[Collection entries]
--------
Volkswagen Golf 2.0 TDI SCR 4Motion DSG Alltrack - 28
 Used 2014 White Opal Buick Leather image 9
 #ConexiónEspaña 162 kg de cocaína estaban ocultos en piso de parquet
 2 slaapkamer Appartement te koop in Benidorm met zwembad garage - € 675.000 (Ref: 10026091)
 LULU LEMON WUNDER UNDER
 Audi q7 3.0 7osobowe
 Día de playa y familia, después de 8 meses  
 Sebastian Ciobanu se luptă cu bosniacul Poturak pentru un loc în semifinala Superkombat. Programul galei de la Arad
--------
**About this exercise**:
From the line that contains "LULU LEMON WUNDER UNDER" through the final line of the entries above, every line must be reproduced exactly and nothing more.

**Task output**:
 LULU LEMON WUNDER UNDER
 Audi q7 3.0 7osobowe
 Día de playa y familia, después de 8 meses  
 Sebastian Ciobanu se luptă cu bosniacul Poturak pentru un loc în semifinala Superkombat. Programul galei de la Arad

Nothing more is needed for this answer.